**Data shown**
····················
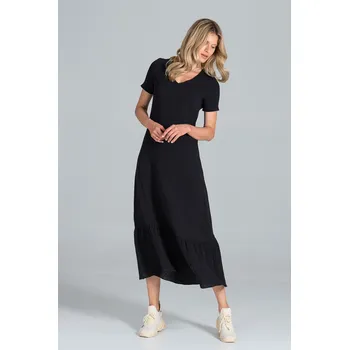 Dámské šaty Černé bavlněné šaty M827 Black Velikost: M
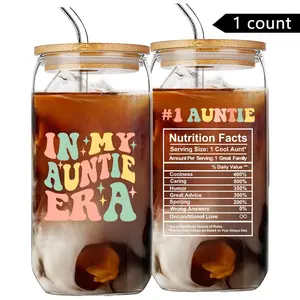 Portable 16oz Glass Cup with Straw & Brush, 1 Count Letter Pattern Coffee Cup, Drinking Cup for Home Office Use, Gift for Aunt, Birthday Gift, Tumbler Serving, Mom Tumbler, Kitchenware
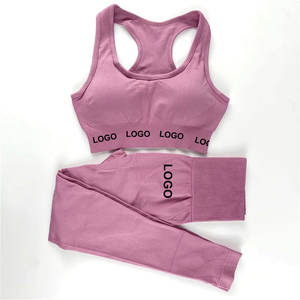 Ropa deportiva de yoga sólida para mujer con logotipo personalizado, conjunto de pantalones acampanados de cintura alta de 2 piezas para gimnasio y fitness - Product Image 6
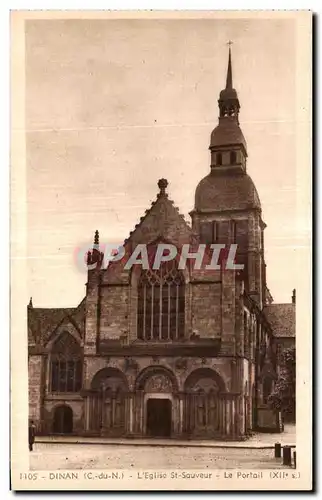 Ansichtskarte AK Dinan L Eglise St Sauveur Le Portail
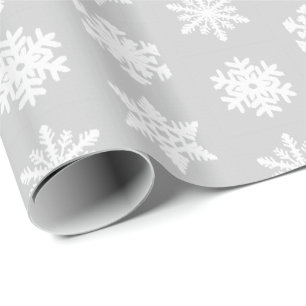 Papel De Presente Flocos de neve de Ikat - cinza de prata e branco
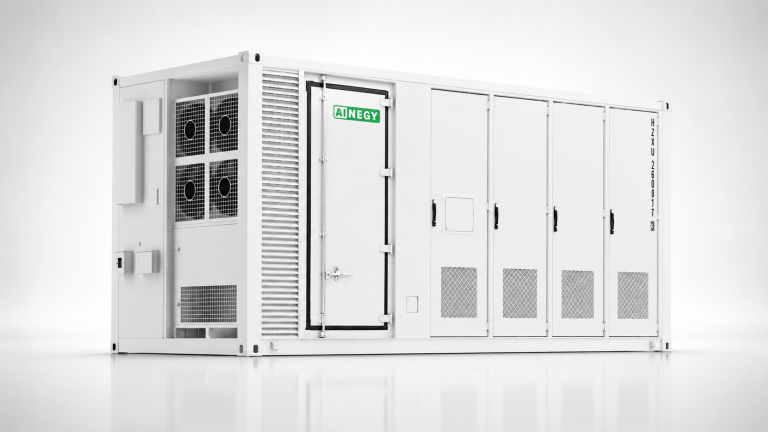 AINEGY containerized liquid-cooled Solar Diesel Hybrid BESS for large microgrid projects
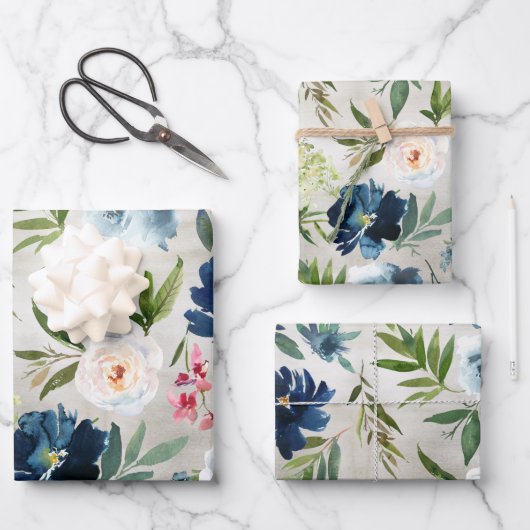 Dusty Blue & Navy Peony Floral Greenery Garden Inpakpapier Vel (Voorkant)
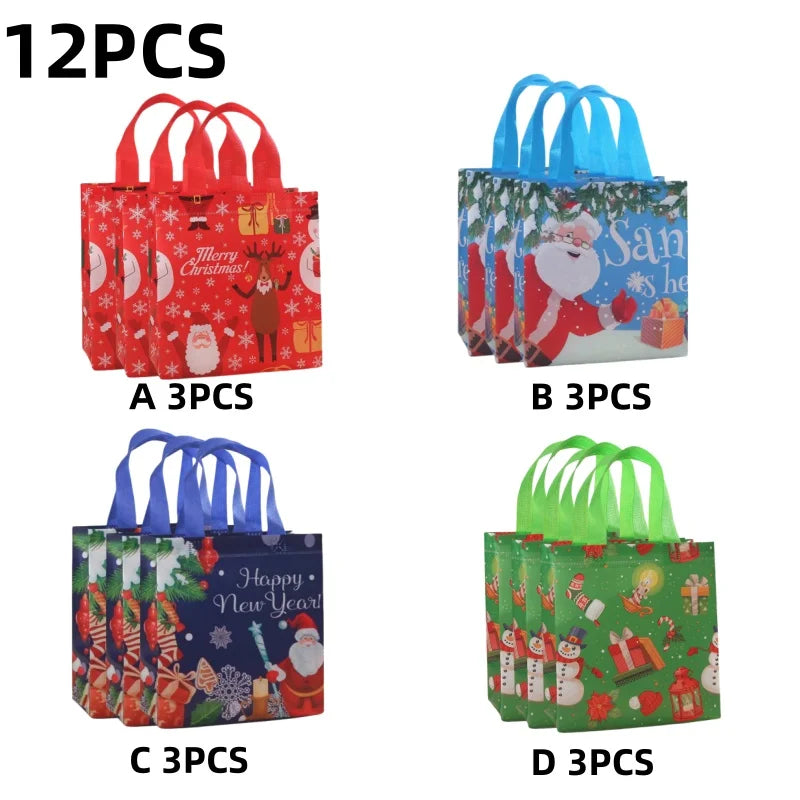 Christmas Tote Bags Reusable Gift Bags Non-Woven Christmas Gift Organiser Santa Snowman Treat Bags Navidad Party Decorations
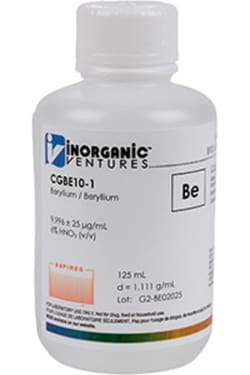 Inorganic Ventures 10 000µg/mL BERYLLIUM 125mL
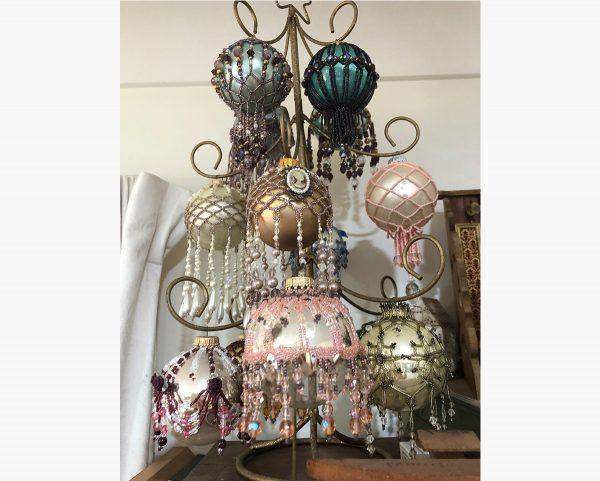 Hanging Baubles multi coloured with Nets and Gems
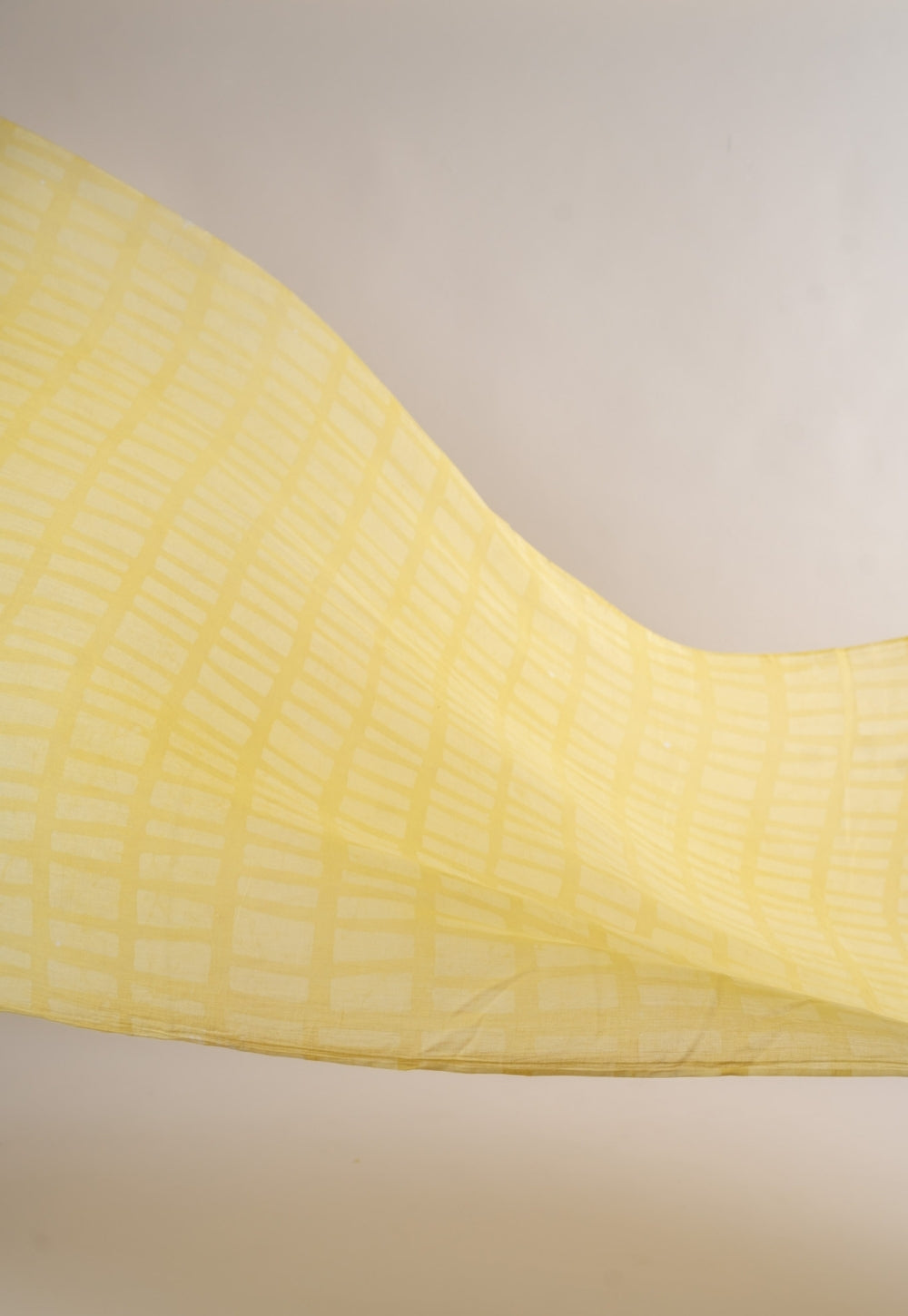 Yellow Brick Pattern Batik Handblock Printed Mul Fabric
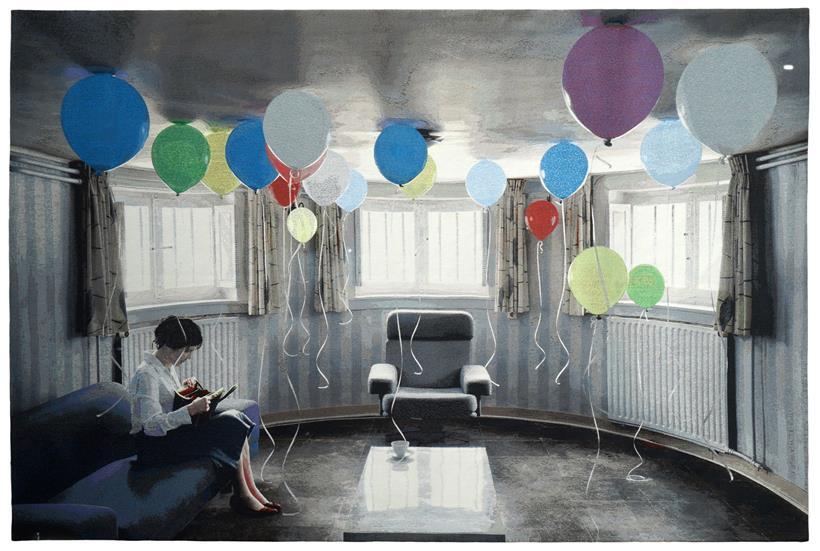 Dieses Kunstwerk wurde 2019 ausgezeichnet: Vervlogen (Bygone) von Jenny Ymker, 2018, Gobelin, 193 x 291 cm
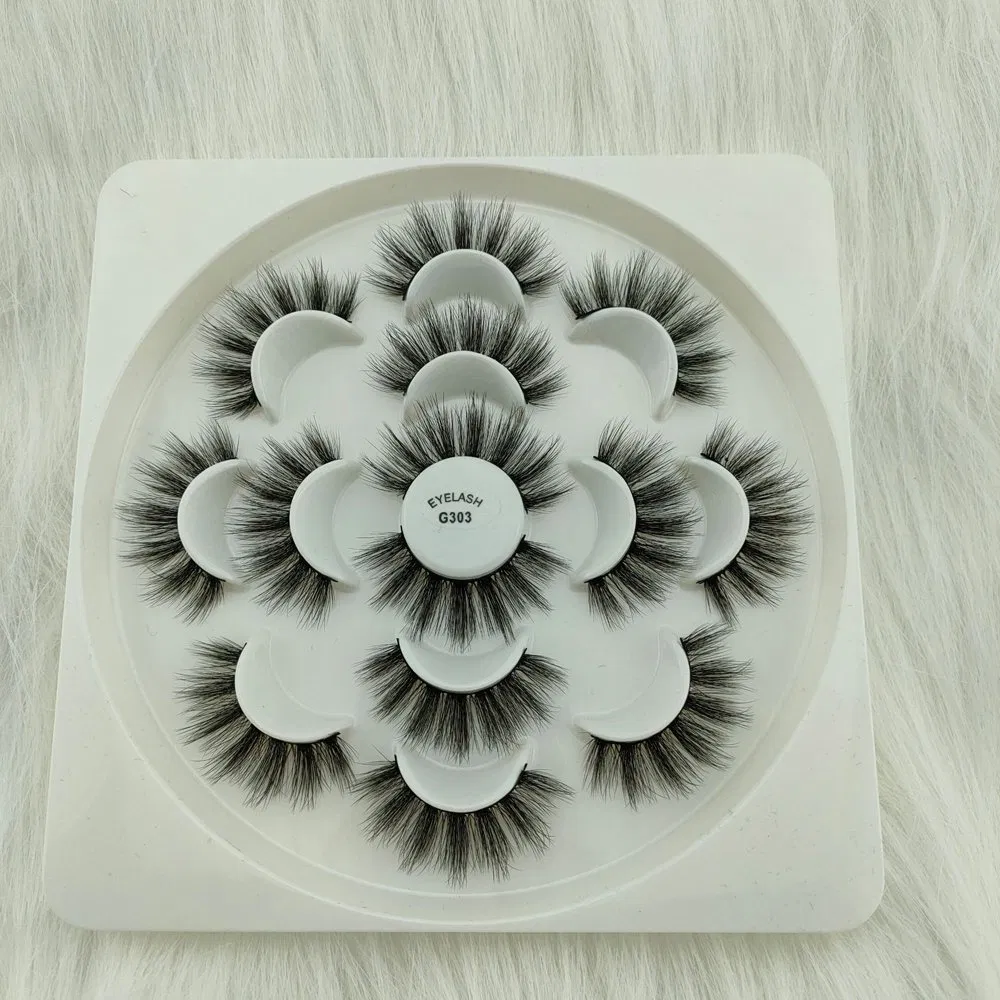 Imitation Mink False Eyelashes 7 Pairs of Lotus Plate 3D Chemical Fiber Eyelashes Natural Thick False Eyelashes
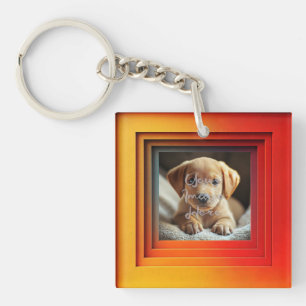 Customizable Red Orange Sunset Gradient Frame Keychain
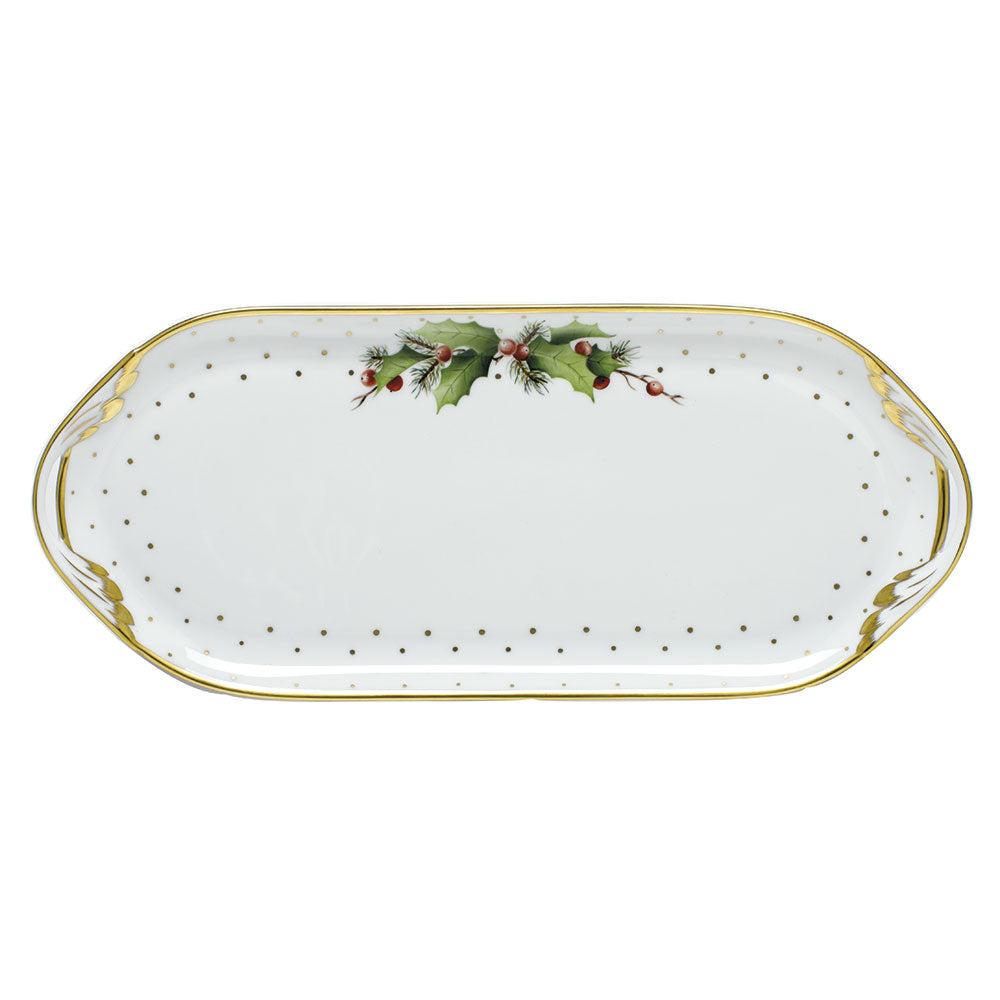 Herend Noels-x2 Winter Shimmer Sandwich Tray 14.25"l X 6"w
····················
**Exercise aim**
Nothing but the lines from the line containing "Christmas Tote Bags" to the end of the records above should be repeated, exactly and with every picture omitted.

**Answer**
 Christmas Tote Bags Reusable Gift Bags Non-Woven Christmas Gift Organiser Santa Snowman Treat Bags Navidad Party Decorations
 Inorganic Ventures 10 000µg/mL BERYLLIUM 125mL
 Hanging Baubles multi coloured with Nets and Gems
 Yellow Brick Pattern Batik Handblock Printed Mul Fabric
 Dieses Kunstwerk wurde 2019 ausgezeichnet: Vervlogen (Bygone) von Jenny Ymker, 2018, Gobelin, 193 x 291 cm
 Imitation Mink False Eyelashes 7 Pairs of Lotus Plate 3D Chemical Fiber Eyelashes Natural Thick False Eyelashes
 Customizable Red Orange Sunset Gradient Frame Keychain
 Herend Noels-x2 Winter Shimmer Sandwich Tray 14.25"l X 6"w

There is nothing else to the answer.